Wednesday, October 14, 2009
Dear Sanna - so self-conscious!
I think I am generally an under-confident person, but sometimes it gets really bad. Today we were rehearsing the ballet I stepped into this year to replace the principle who left. My solo is very slow and there is a lot of music for me to fill with not so many steps. Also, I was never really properly taught the part, so it's even harder because I don't really know exactly how each movement should be. I feel really embarrassed every time I do this solo, even if the rest of the ballet is getting better.

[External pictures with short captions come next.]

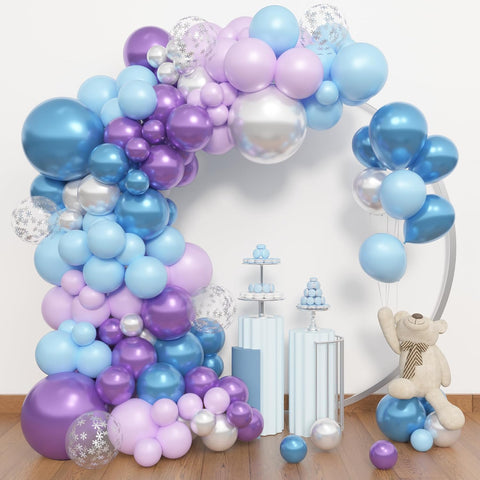 Amandir 153pcs Blue Purple Balloon Garland Arch Kit Different Sizes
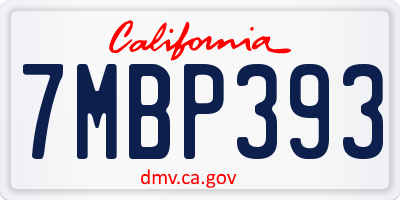 CA license plate 7MBP393
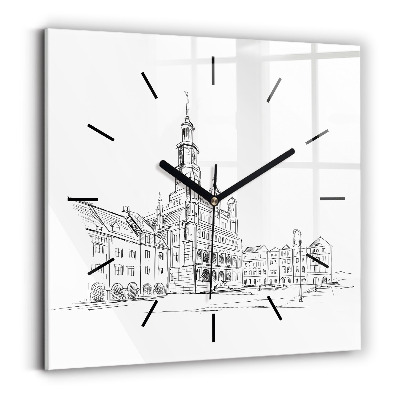 Horloge murale carrée Croquis de la vieille ville de Poznań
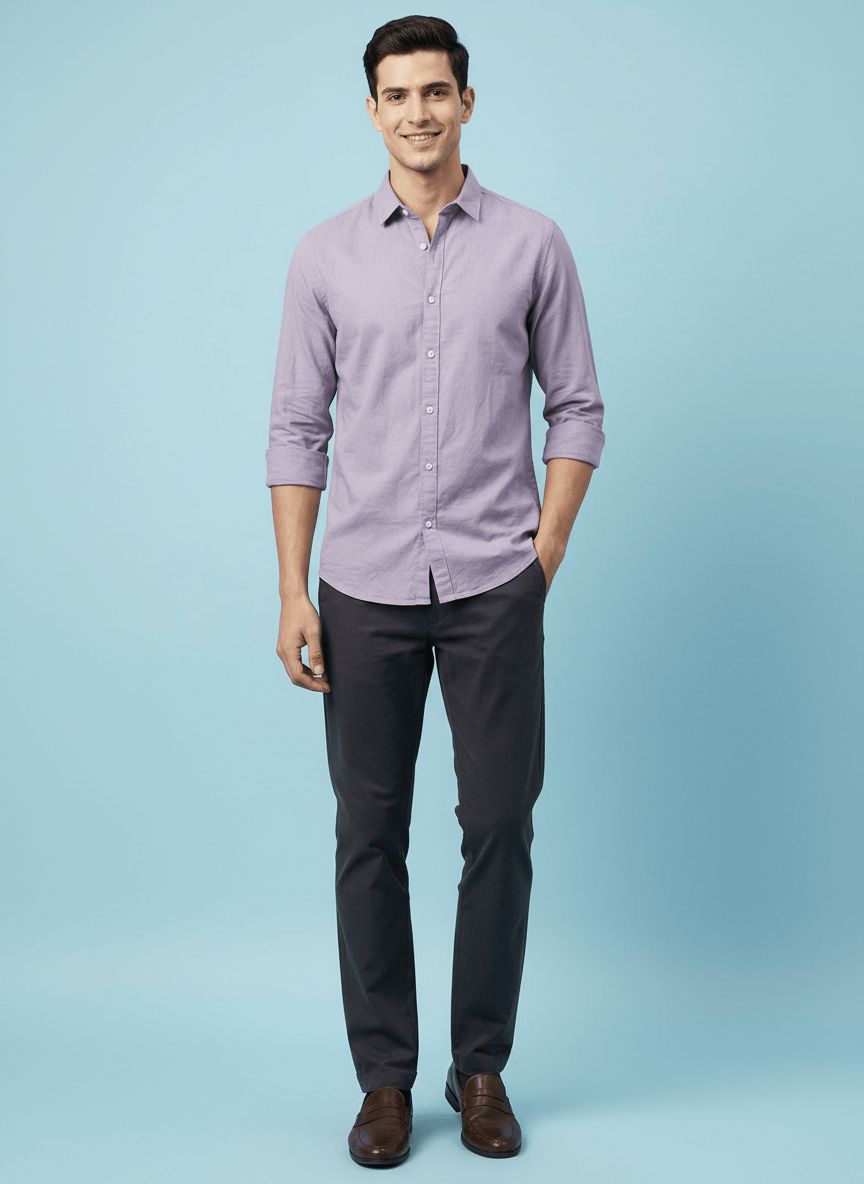 Purple Premium Casual Shirt view 3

Today after I did the solo the artistic director pulled me over and told me I look like a shy, embarrassed girl and I have no confidence (only because it's true). The thing is, I hear corrections like this all the time, but if I could just change it I would, so this correction in itself is not all that helpful. If I knew how to dance with even a fake air of confidence, of course I would. Anyway today for the first time, the director did not just stop at this criticism, but instead had me show her what I do, and gave me specific things to change and work on. I think it helped a lot, but still in the end she had me go back and do it again, and this time I was sure everyone was watching, so I felt even more embarrassed. I am trying to use my imagination to get over it, but I just feel the eyes on me.
When will I feel comfortable in my own skin? At times I can't even cross the room without feeling the eyes watching me.